For the purposes of this tutorial, I am going to assume you have the “wp-content” directory for the site you wish to migrate and an export file of the mySQL database (“database.sql”) saved on your local desktop (though the steps aren’t too much different even if you are ssh’d into a different remote server).
Move your files and database
First we’ll want to compress or copy the “wp-content” directory:
With SSH we can do the following:
tar -czf wp-content.tar.gz wp-content/
Now, transfer that to the remote directory where the new WordPress install is:
scp wp-content.tar.gz email@example.com:/home/runcloud/webapps/app-oderbrunner/
(Depending on the size of the file, this might take quite a while to transfer.)

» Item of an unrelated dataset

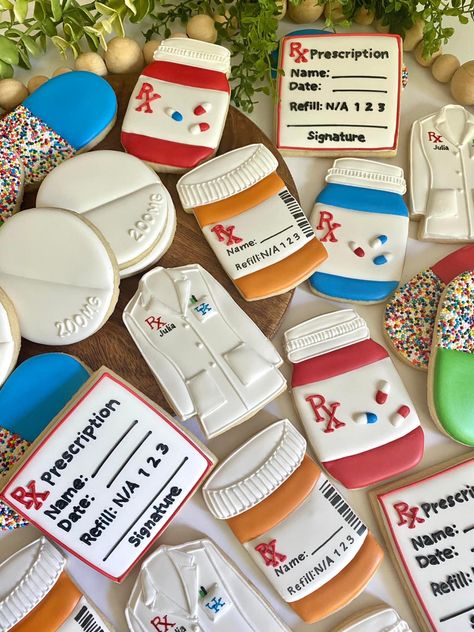 Pill Cookies Decorated, Pharmacy Cookies Decorated, Get Well Soon Cookies Decorated, Pharmacy School Graduation Party, Pharmacy School Graduation, Medical Cookies, Medical Party, Pharmacy School, Cookies Ideas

Now, switch back to the remote shell and make sure you’re in the files directory for the site (/home/runcloud/webapps/app-oderbrunner). We’re going to remove the current “wp-content” directory, unzip the new one we uploaded, and then remove that zip file:
rm -rf wp-content
gunzip -c wp-content.tar.gz | tar xopf –
Without SSH (and a looong wait)
Login to your FTP and copy the wp-content files to your computer.
Then upload the wp-content files to the new site at /home/runcloud/webapps/app-oderbrunner/
Next lets export the SQL database with Phpmyadmin
Go to Phpmyadmin website and download the files.
Upload Phpadmin to your old website: /htdocs/app-oldwebsite/Phpmyadmin-34tg3tgwg/
Edit Phpmyadmin file config.sample.inc.php
Add a long random text to blowfish_secret.
/** * This is needed for cookie based authentication to encrypt password in * cookie. Needs to be 32 chars long. */ $cfg['blowfish_secret'] = 'RANDOM TEXT GOES HERE FEWG#@TGWEV'; /* YOU MUST FILL IN THIS FOR COOKIE AUTH! */
Save as config.inc.php.
Login with your database credentials.
Then export your database with Phpmyadmin. Super Easy!
Move SQL database
Install Phpmyadmin to /home/runcloud/webapps/app-oderbrunner/Phpmyadmin-34tg3tgwg/
Then use the option Import. Select your database and run! If the database is too big then you can zip it and upload it.
Install Search and Replace and change all your Urls
Last step is to replace the URLs in the database. Which is super easy.
Go download Database Search and Replace Script in PHP.
Unzip the file and add all the files to a folder on your new site:
Fill in your database credentials that we noted down earlier. If you forgot them than go back to your runcloud.io dashboard and trace them.
Run the script. Done!
Lastly edit your wp-config.php file in the main WordPress folder with your database credentials.
&lt;?php define('DB_NAME', 'db_name_here'); define('DB_USER', 'db_user_here'); define('DB_PASSWORD', 'db_password_here'); define('DB_HOST', 'localhost'); define('DB_CHARSET', 'utf8'); define('DB_COLLATE', '');
Hopefully this has been helpful. It was a lot of work but it’s worth it! Now you know how to everything manual and free (other than the VPS hosting by DO and VPS management panel from Runcloud) If you have any additional suggestions or tips, feel free to leave them in the comments.